* What needs to be done: Reproduce the line with "White Star of Bethlehem Flowers" and everything after it in the listing below, exactly, both ends included. No pictures.

* Dataset records:

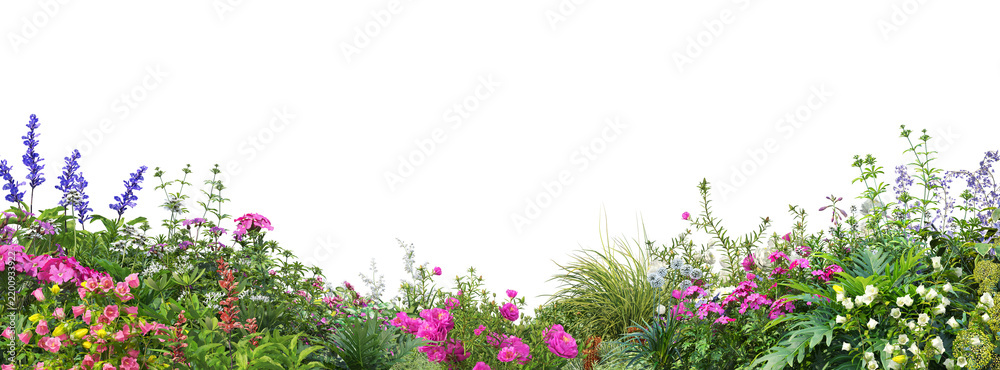 Obraz premium foreground flower gardens and meadows on a transparent background.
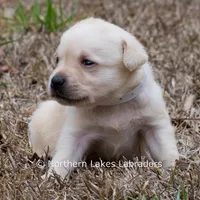 Korbin, a male Labrador Retriever for sale in Bowersville, GA – Photo 7 of 7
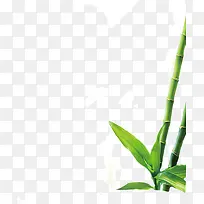 长长的绿竹子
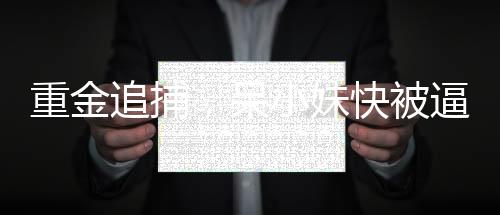 重金追捕，呆小妹快被逼瘋了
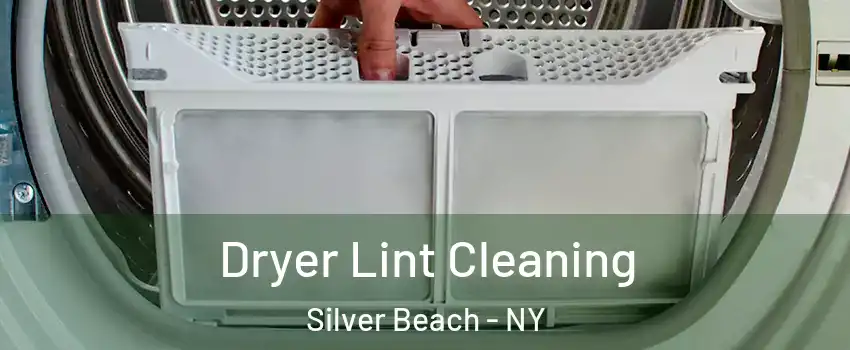 Dryer Lint Cleaning Silver Beach - NY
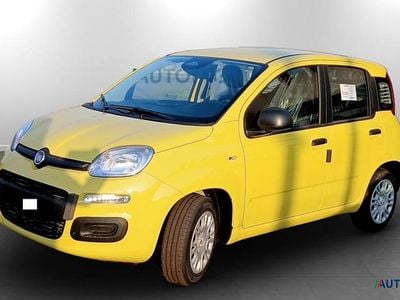 Nuova Fiat Panda Icon 69 CV (50 kW) 2025 Giallo Utilitaria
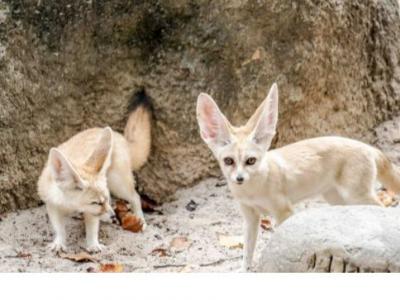 EVERLAND PETS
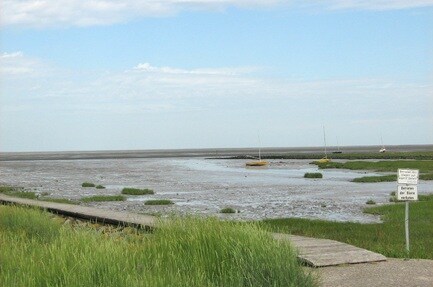 Außerdeich Campingplatz Cappel-Neufeld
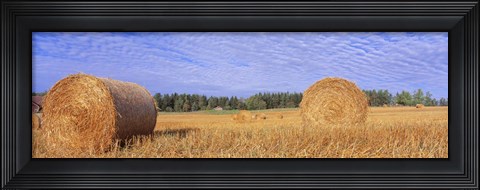 Framed Straw Rolls, Sweden Print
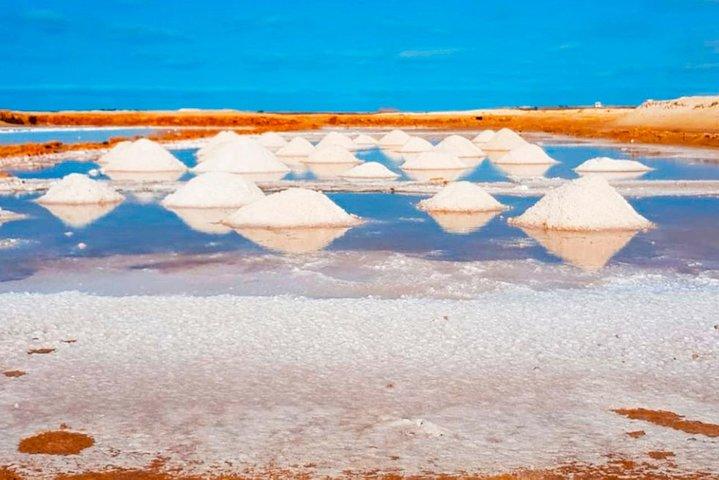 Isla de Sal: tour guiado de todo el día con almuerzo
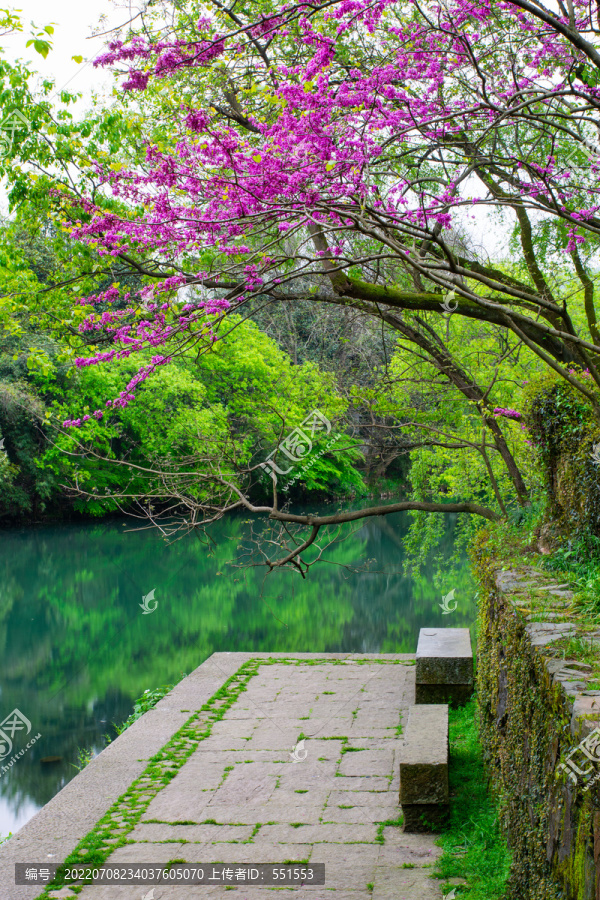 浴鹄湾春景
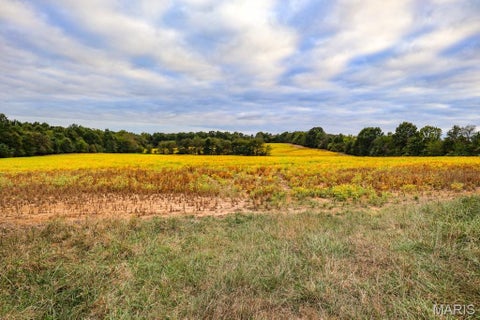 Tiny photo for 000-3 Sunny Side Lane, New London, MO 63459 (MLS # 26062697)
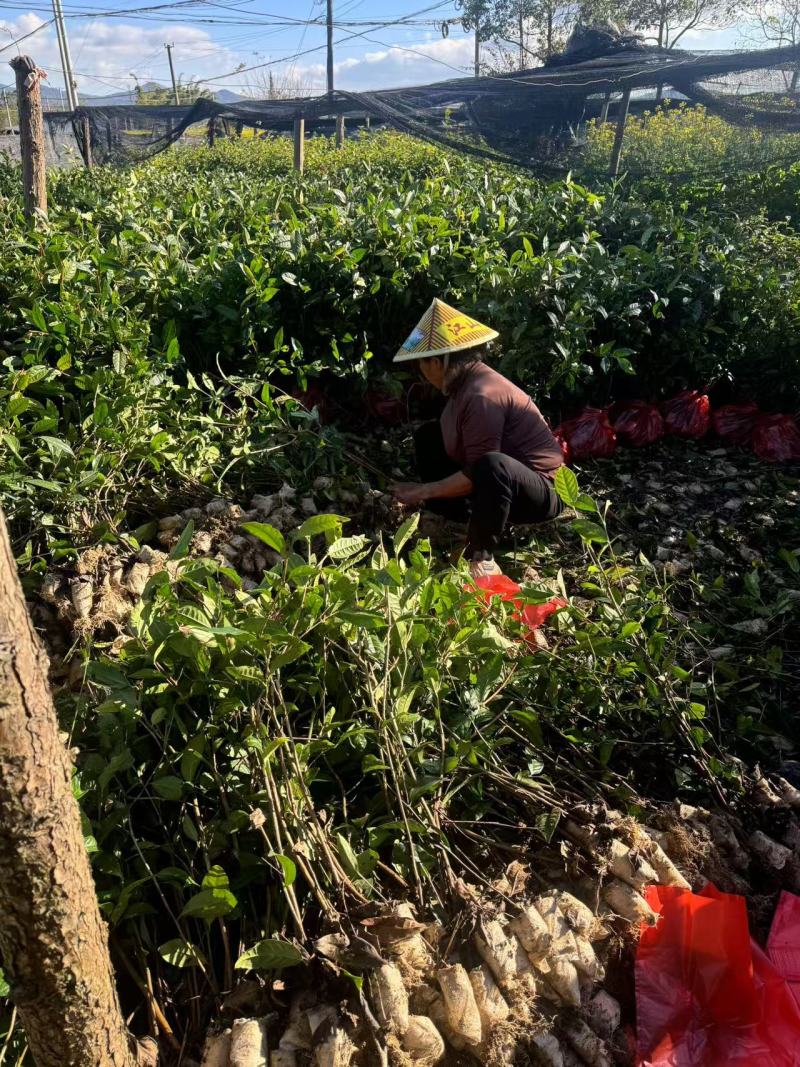 云南大叶种茶苗，冰岛大叶茶苗，老班章茶苗，文山茶叶苗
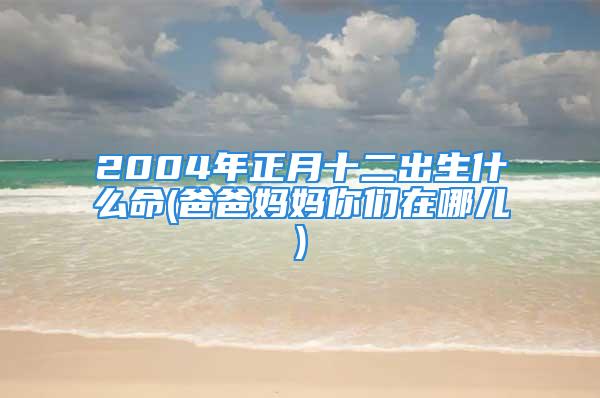 2004年正月十二出生什么命(爸爸妈妈你们在哪儿)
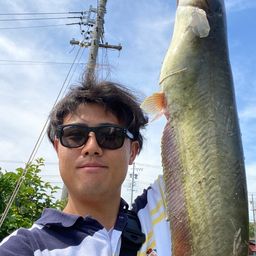 ナマズ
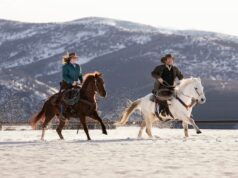 Котлование абыйны туган коней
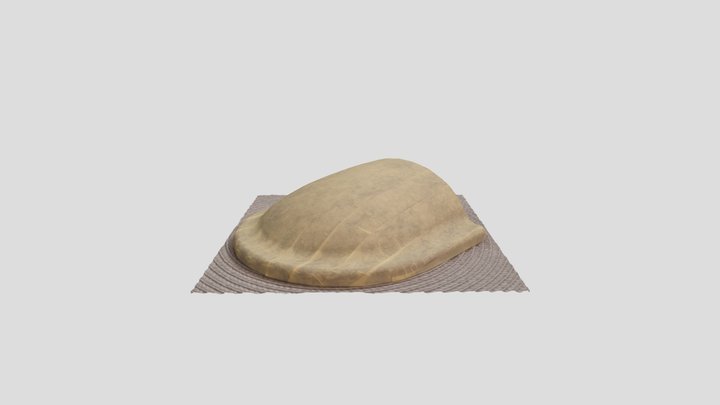 Cap – Free 3D Model STL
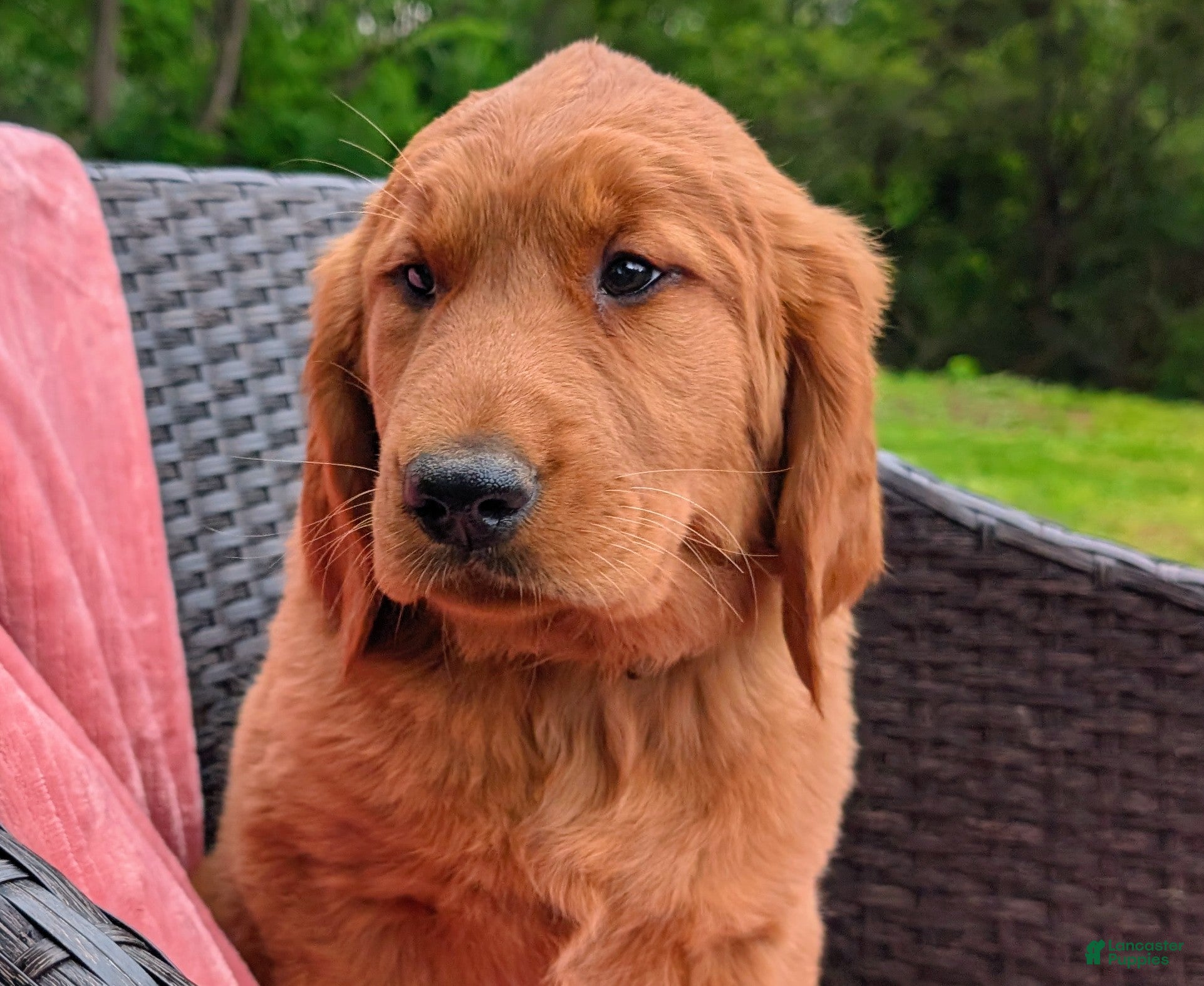 Golden Retriever dogs Hazel - Ad 1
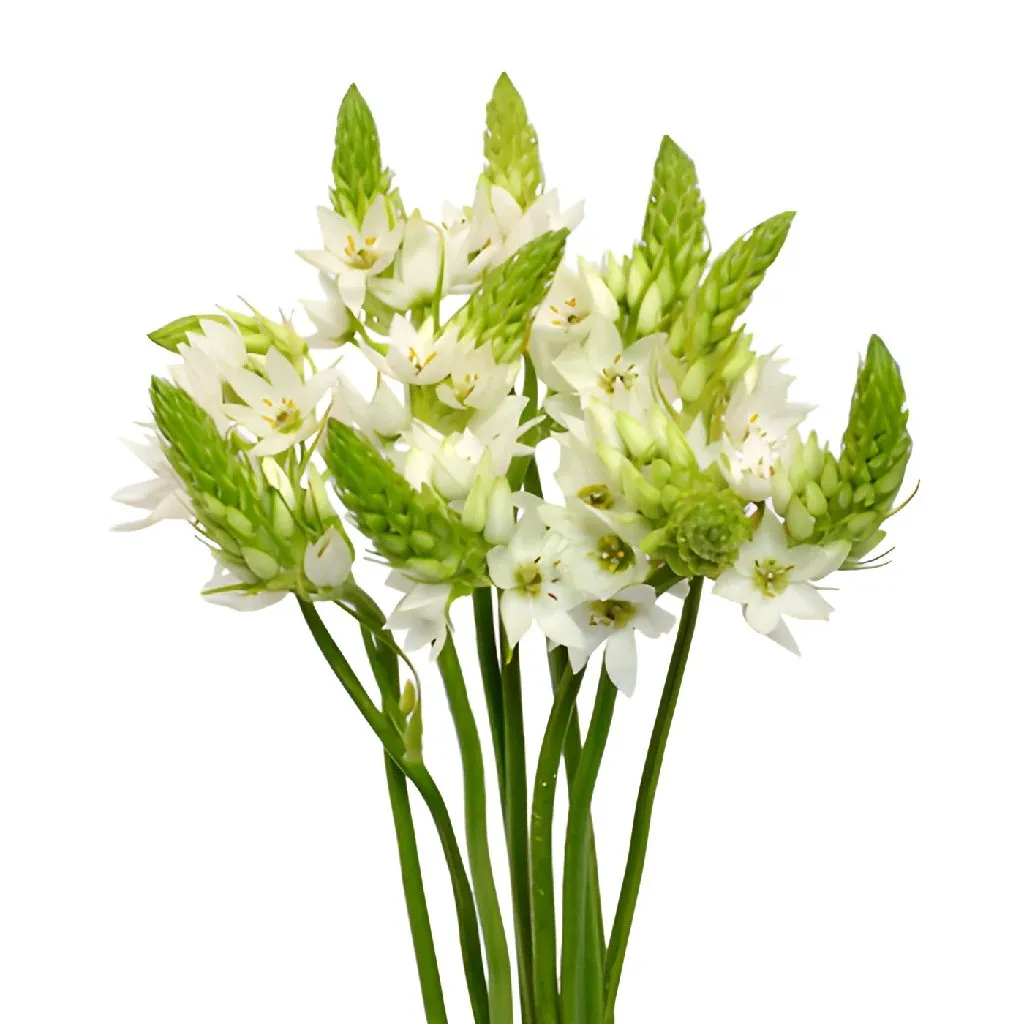 White Star of Bethlehem Flowers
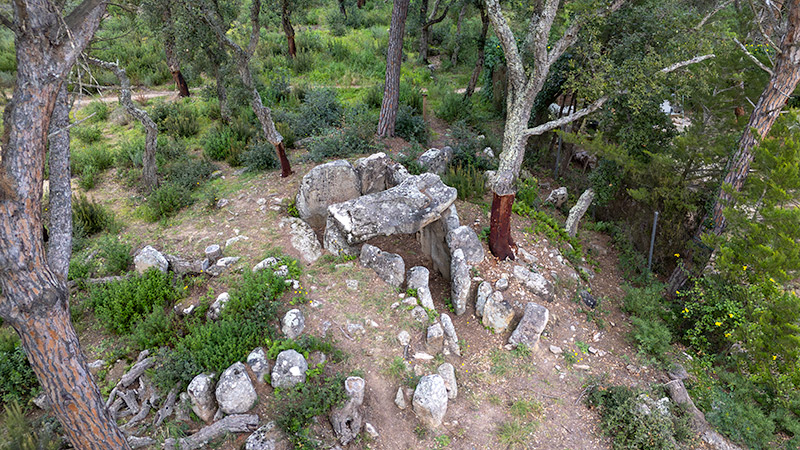 Dolmen del Mas Bou-serenys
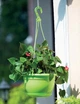Горшок для цветов Form-Plastic Мальта подвесной круглый 2,7 л 21 x 13 см, Цвет Терракот - изображение 3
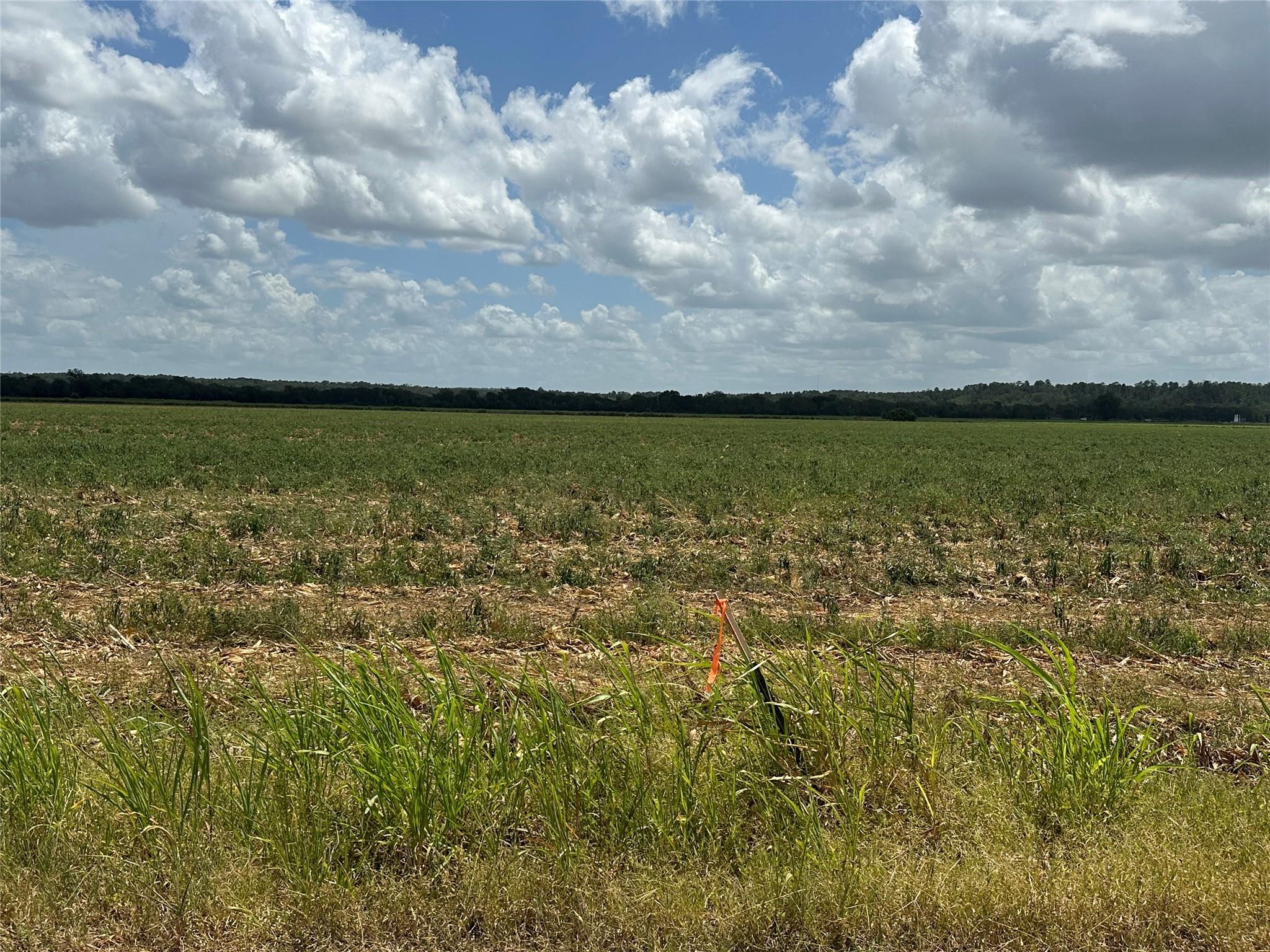 0000 Rabbs Prairie RD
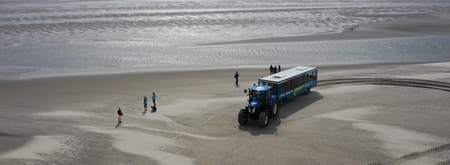 balgexpres en schelpen tellen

* Response to this exercise:
 White Star of Bethlehem Flowers
 Dolmen del Mas Bou-serenys
Горшок для цветов Form-Plastic Мальта подвесной круглый 2,7 л 21 x 13 см, Цвет Терракот - изображение 3
 0000 Rabbs Prairie RD
 balgexpres en schelpen tellen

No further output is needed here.